#14 20歳
20歳になったら、大人になれるものだと勘違いしてた。
バーに行って、煙を吐きながらカクテルを嗜んだり、会社で出会った素敵な人と結婚したり。
でも、現実は、コンビニでお酒とタバコが買えるようになっただけ。
結婚のけの字すら見えない。
でも、せっかく20歳の誕生日なんだ。
今日くらい健康に悪くてもいいよね。
そう思って、ビールと度数の低い缶チューハイ。
それとあと、小さいカップのポテトサラダをカゴに入れた。
スマホを取り出して、
タバコ 初心者
と銘柄を調べてみる。
一番上に出てきたやつの番号を探す。
番号で言われないと面倒くさい、とどこかの動画で見たから。
241番、241番、241番。
そう頭の中で繰り返しながらレジにカゴを置く。
「あと、にひゃ、241番ください」
噛んで、声も裏返った。
恥ずかしくて仕方ない。
「年齢が確認できるものあります?」
金髪の、少し怖い店員さんだ。
深夜にしかいない人。
ぶっきらぼうな声が、二人の間に落ちる。
「あります」
すぐさまそう言って、財布をまさぐる。
マイナンバー、マイナンバー。
あった。
取り出して目の前に差し出す。
「あざす。
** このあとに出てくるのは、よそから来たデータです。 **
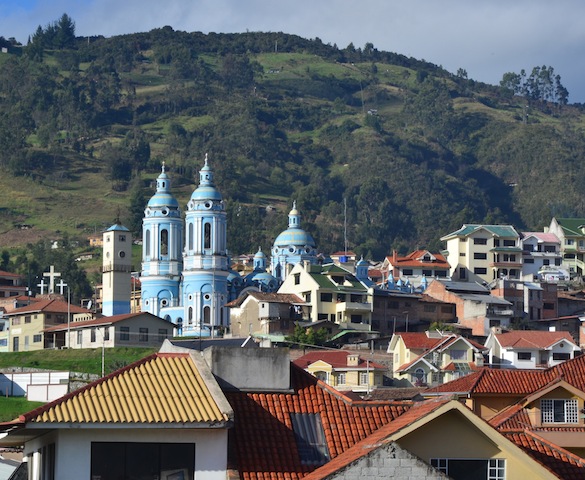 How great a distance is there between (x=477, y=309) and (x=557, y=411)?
84680 mm

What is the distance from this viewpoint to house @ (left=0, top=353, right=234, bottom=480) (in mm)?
17297

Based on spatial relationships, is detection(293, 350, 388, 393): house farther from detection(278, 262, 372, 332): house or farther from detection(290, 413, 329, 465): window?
detection(290, 413, 329, 465): window

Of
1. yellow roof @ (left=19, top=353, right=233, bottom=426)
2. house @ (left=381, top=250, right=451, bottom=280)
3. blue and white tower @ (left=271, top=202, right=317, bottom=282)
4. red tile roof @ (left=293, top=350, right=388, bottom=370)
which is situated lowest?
red tile roof @ (left=293, top=350, right=388, bottom=370)

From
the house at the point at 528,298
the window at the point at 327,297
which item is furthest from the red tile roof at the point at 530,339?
the house at the point at 528,298

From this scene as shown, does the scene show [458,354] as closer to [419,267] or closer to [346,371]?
[346,371]

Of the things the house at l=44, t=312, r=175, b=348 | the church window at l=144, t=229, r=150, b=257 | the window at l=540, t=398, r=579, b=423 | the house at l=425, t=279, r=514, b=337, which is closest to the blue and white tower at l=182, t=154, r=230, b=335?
the church window at l=144, t=229, r=150, b=257

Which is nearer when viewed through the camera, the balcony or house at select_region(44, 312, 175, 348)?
house at select_region(44, 312, 175, 348)

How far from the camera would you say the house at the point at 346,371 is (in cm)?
7594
え?」
お兄さんが、驚いた顔をした。
そして、そのまま裏に入ってしまった。
え、私まだ20歳じゃない?
日付間違えた?
やばいやばいやばい。
内心焦りまくりで、手には汗が滲む。
どうしよう、警察とか呼ばれてたら。
そういう焦りが浮かんでくる。
でも、今更逃げるのは、もっとダメだ。
何もできずに俯いた。
そのうちにお兄さんが戻ってきた。
片手にチョコ菓子、もう片方にはインスタント味噌汁。
怒鳴られたりするのかと覚悟していたから拍子抜けする。
「1058円っす、袋3円ですけどいります?」
何もなかったようにそう言うもんだから、ますます意味がわからない。
「じゃあ、お願いします」
お金を払いながら言い返すと、お兄さんは手早く会計を済ませ、袋に商品しまっていく。
チョコ菓子と味噌汁も一緒に。
え、それ買ってない。
そう思って、口を開ける。
「お誕生日、おめでとうございます、これ俺から。」
お兄さんは唇のピアスをきらりと光らせてニカっと笑った。
「ありがとうございます」
精一杯の笑顔で感謝を伝えて、また来ますと添えた。
お兄さんは、普通の顔に戻っていて、軽く頭を下げた。
その耳が少しだけ赤く染まっていたが、寒いからだということにしておこう。
浮ついた気持ちでコンビニを出る。
今日はいい誕生日になりそうだ。